Recorded information ->
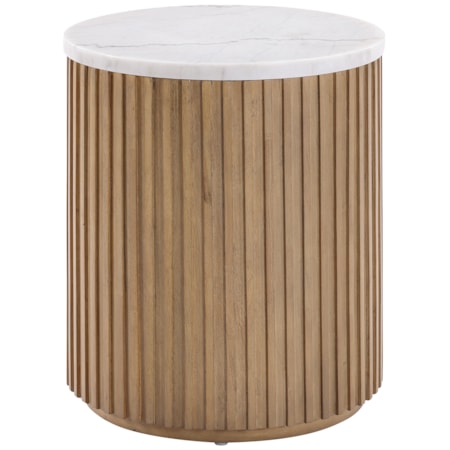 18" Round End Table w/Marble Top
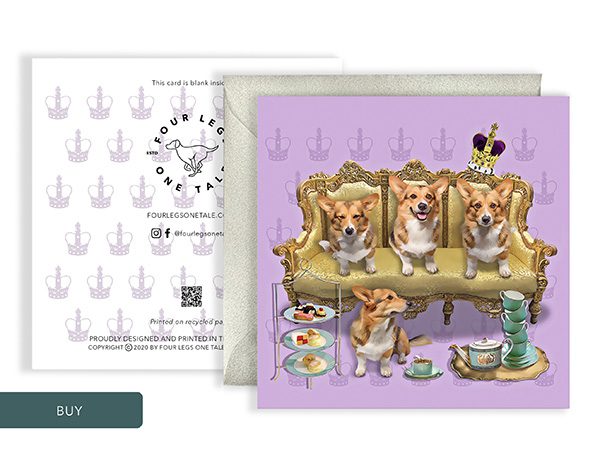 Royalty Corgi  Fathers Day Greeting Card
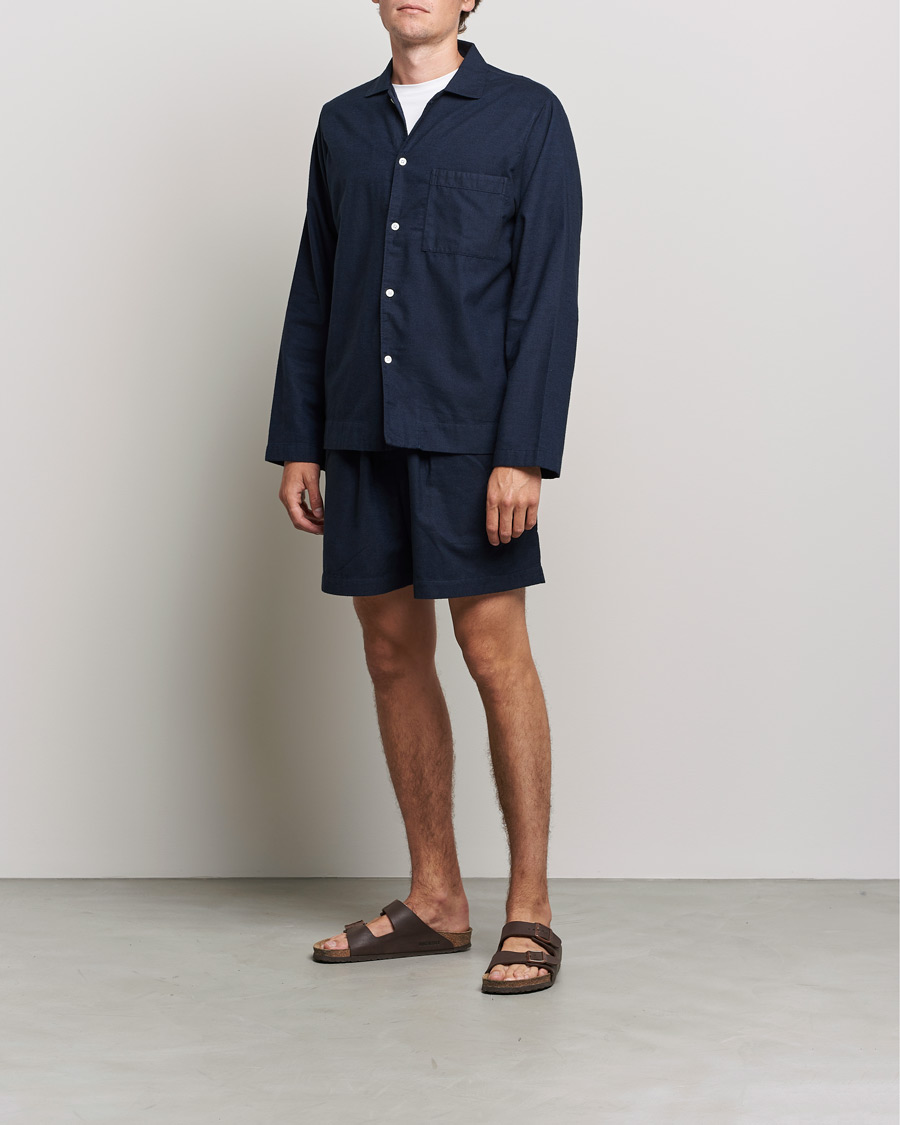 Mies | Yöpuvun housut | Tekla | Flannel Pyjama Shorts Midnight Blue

Your goal ->
Return the material above in exact form. Pictures stay out.

Task solution ->
 18" Round End Table w/Marble Top
 Royalty Corgi  Fathers Day Greeting Card
 Mies | Yöpuvun housut | Tekla | Flannel Pyjama Shorts Midnight Blue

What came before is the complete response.